The Google employee walkout today over sexual harassment and inequality is a massive walkup call to management.
A memo sent by CEO Sundar Pichai Tuesday night, first obtained by Axios, seemed to get the point. But what could have been a moment of emotional intelligence wasn't, and that all came down to timing.
What sparked the walkout was the protective treatment Google extended to Andy Rubin after serious allegations over sexual misconduct, as the New York Times reported. The company kept things quiet and allowed Rubin to resign with a $90 million payout.
Pinchai's first reaction was to send an email last week after the Times story broke. In part it said:
We are dead serious about making sure we provide a safe and inclusive workplace. We want to assure you that we review every single complaint about sexual harassment or inappropriate conduct, we investigate and we take action.
In recent years, we've made a number of changes, including taking an increasingly hard line on inappropriate conduct by people in positions of authority: in the last two years, 48 people have been terminated for sexual harassment, including 13 who were senior managers and above. None of these individuals received an exit package.
That email actually highlighted a problem my colleague Minda Zetlin picked up on in it and the latest memo: a lack of transparency. When things are handled behind closed doors, they don't get fixed.
The newest memo included an apology and what seemed like contrition. Here are the first three paragraphs:
Since last week, I've heard from many of you. Some of you wrote me personally. Others have shared their thoughts with leaders and fellow Googlers. One thing that's become clear to me is that our apology at TGIF didn't come through, and it wasn't enough. We hear you.
So first, let me say that I am deeply sorry for the past actions and the pain they have caused employees. Larry mentioned this on stage last week, but it bears repeating: if even one person experiences Google the way the New York Times article described, we are not the company we aspire to be.
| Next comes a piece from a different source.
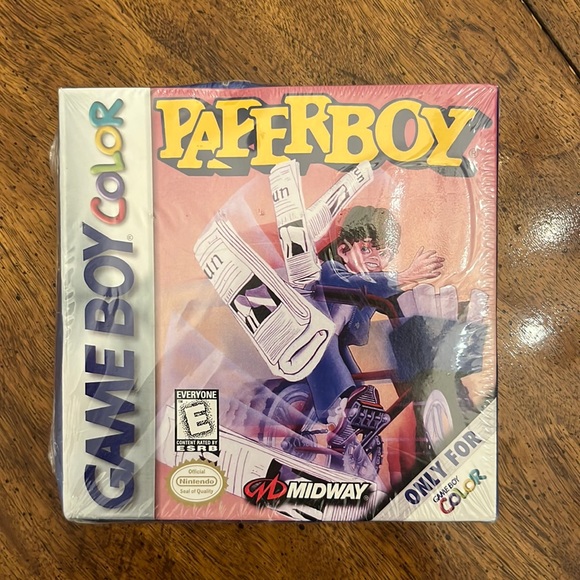 Sealed in Box Gameboy Color Paperboy Game - Picture 1 of 9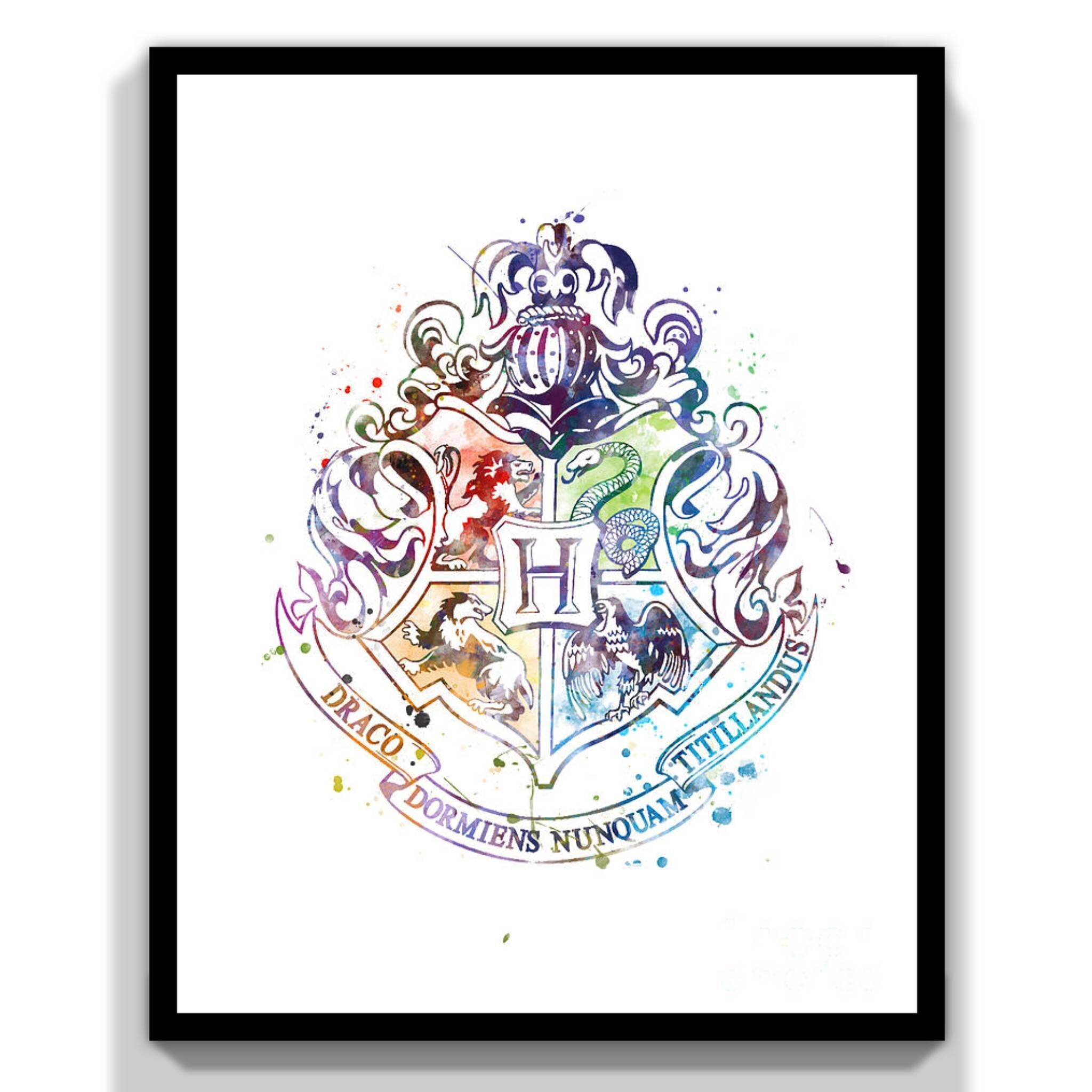 Harry Potter A4 Print Hogwarts Harry Potter Gift Anniversary - Etsy UK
I understand the anger and disappointment that many of you feel. I feel it as well, and I am fully committed to making progress on an issue that has persisted for far too long in our society... and, yes, here at Google, too.
That strikes more of a tone of emotional intelligence, particularly a note at the end that the company supported those walking out and that managers would be made aware of the activities.
All good, except for one thing: the timing. Here's how one person on Twitter put it.
All of the headlines that start with "Google CEO supports..." are focusing on the wrong thing.-- Liz Fong-Jones (@lizthegrey) November 1, 2018
What matters today is workers' voices and demands.
It doesn't matter whether management claims to support; the real test will be whether the demands are met. #GoogleWalkout
By apologizing before the walkout, Pichai effectively undercut it. The effect is to say, that Google already knows it, apologized, and will do better in the future.
Perhaps the company did this in part as a form of PR to reduce the impact of the protest. The stock had taken close to a 7 percent drop in the wake of the story last week.
But it does come across as self-serving and defensive to some degree, whether that was intended or not. What would have worked better was a note to indicate support for the marchers and a promise of a response the day after. Then the pressure would have been recognized. Google would have admitted that it was forces from without and from the employees that was pushing it to improved behavior.
In business as in comedy, timing is everything.